TTYN – Talk To You Never, the goodbye message for eliminated contestants.
TTYS – Talk To You Soon, the goodbye message for eliminated contestants that Paris wants to keep in touch but not be best friends, Just Friends.

- Note
- Yasmin, Tarin, Kelly, Liliya, Natalia & Celina was eliminated outside of panel, and was eliminated by Nayla (co-host).
- In Episode 4 has a double elimination first part the bottom 2 was Farhana and Marta; the second part the bottom 2 was Reem and Christy.
- Dana is the second contestant that was in the final without any time in the bottom.
- Amy was the first contestant that was in the bottom most consecutive times (three times).
- Mandy is the first contestant with most "SAFE" status (six times).
- Marta was the first TTYS elimination on this season.

==Production==
===Filming===
Production lasted for seventeen days, beginning in June 2009, and the finale then concluded with a final shoot in Los Angeles.
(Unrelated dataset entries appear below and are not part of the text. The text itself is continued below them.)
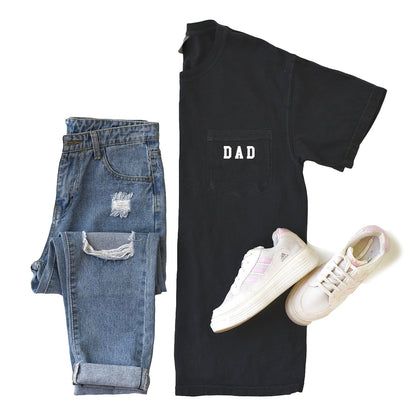 Dad Pocket Shirts for Men Daddy Garment Dyed Letter Printed T-Shirt Mama Graphic Tee Casual Short Sleeve Tops Tee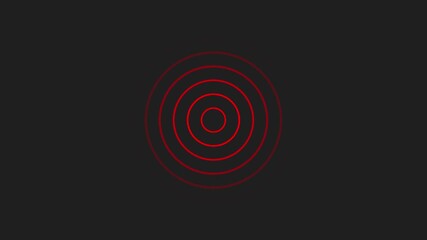 Red concentric circles expanding on dark background abstract motion graphics alert signal warning notification concept - Powered by Adobe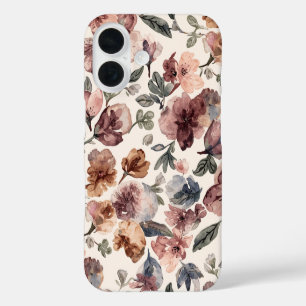 Plum Wildflower Watercolor Moody Botanical Garden iPhone 16 Case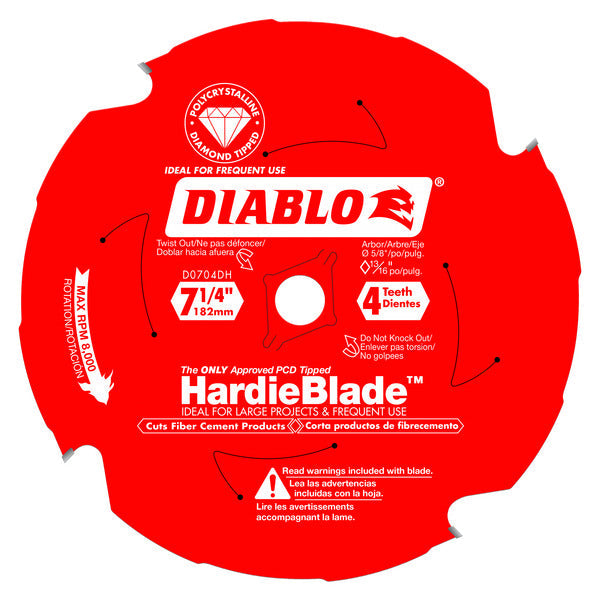 Diablo D0704DH 7-1/4" x 4-Teeth HardieBlade™ Saw Blade for Fiber Cement VM Hardware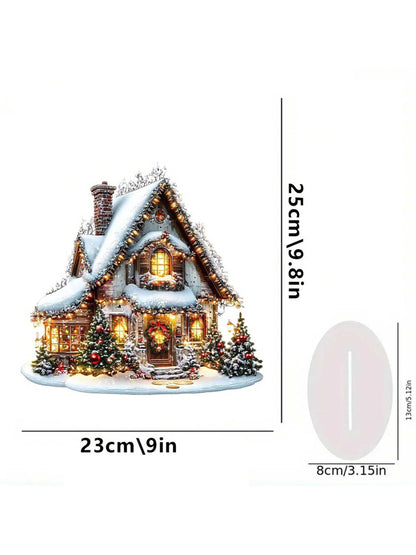 Christmas Table Decorations Waterproof Lighted Christmas House Sign With Base Centerpieces For Home Party Decor White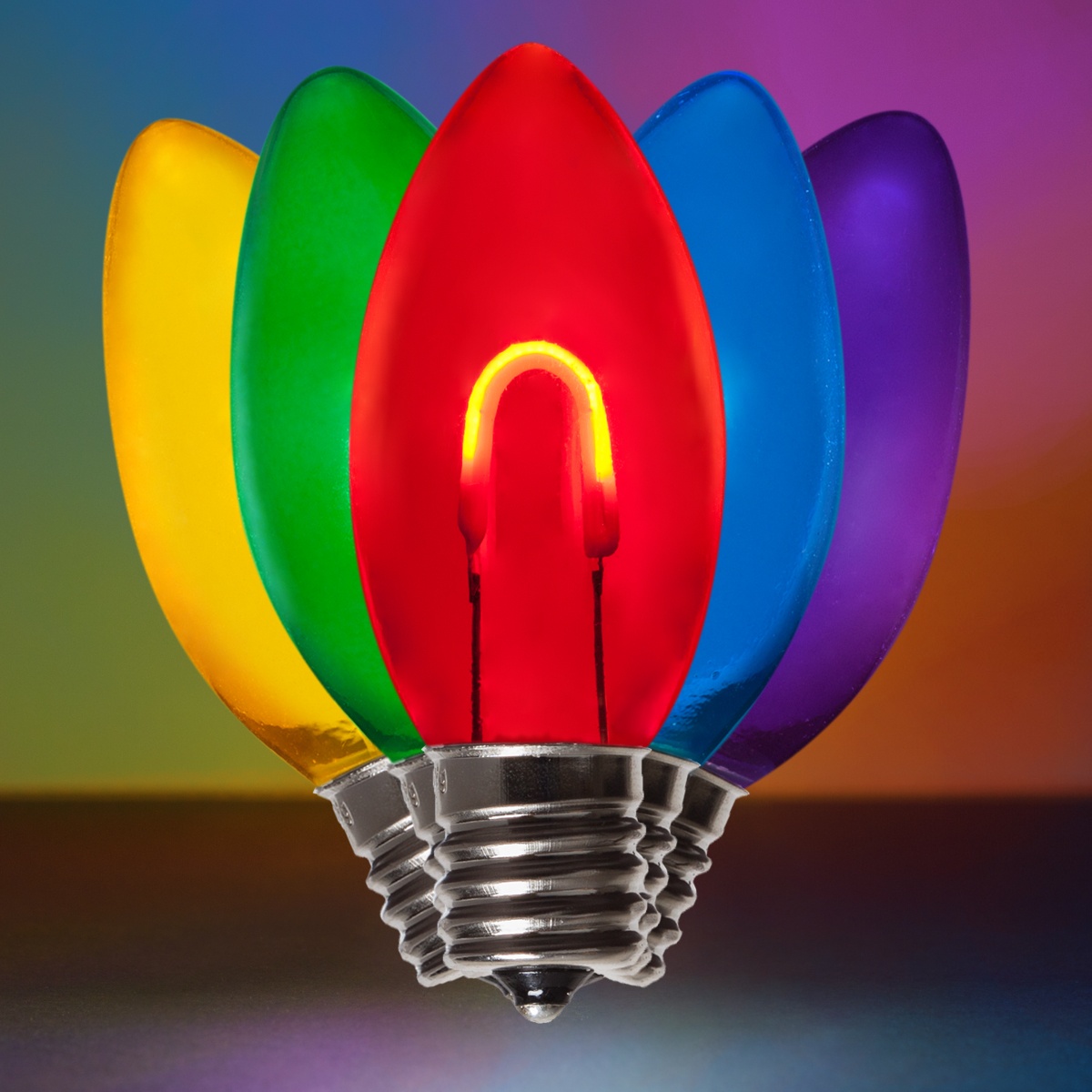 C9 Multicolor Shatterproof FlexFilament LED Vintage Christmas Light Bulbs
In December 2009, Hilton updated her Twitter saying that she was recording voice-over and interview scenes for the series, and in April 2010, it was reported that she had just her finished work on the series.

===Cultural difficulties===
Ziad Batal, Dubai One executive, explained that this version "would have to be compatible with cultural sensitivities as Hilton is known for her wild partying." Ish Entertainment co-founder Michael Hirschhorn expanded on this, explaining that the Dubai production would not be as racy as the American or English editions. Alcohol, normally a reality television staple, did not play a role on this version. Swearing, sexually explicit conversation or risqué clothing were kept to a minimum. The production had to receive several layers of approval before moving forward, and even Sheikh Mohammed bin Rashid Al Maktoum, the ruler of Dubai, had to give his blessing.

===Delays===
Legal issues delayed the airing of this version for over a year. While it was originally expected to air in 2010, Lionsgate Television executives claim producers at Uniqon Emirates, LLC signed a written agreement, worth US$8 million, to co-produce and distribute Paris Hilton's Dubai BFF in the Middle East. Uniqon Emirates failed to pay more than US$4.7 million to cover the production and distribution costs and Lionsgate filed a federal suit for breach of contract in U.S. District Court in Los Angeles on February 2, 2010. No official outcome for the suit was announced, but the series failed to air on Dubai One, the announced original network for this version.

==Broadcast==
After MTV, the original stakeholders for the franchise, assumed worldwide airing rights for Dubai BFF, the series debuted on various MTV networks globally throughout 2011. It aired on MTV Latin America, MTV Australia, MTV UK and Ireland and mainland European MTV stations. However, it did not air in North America.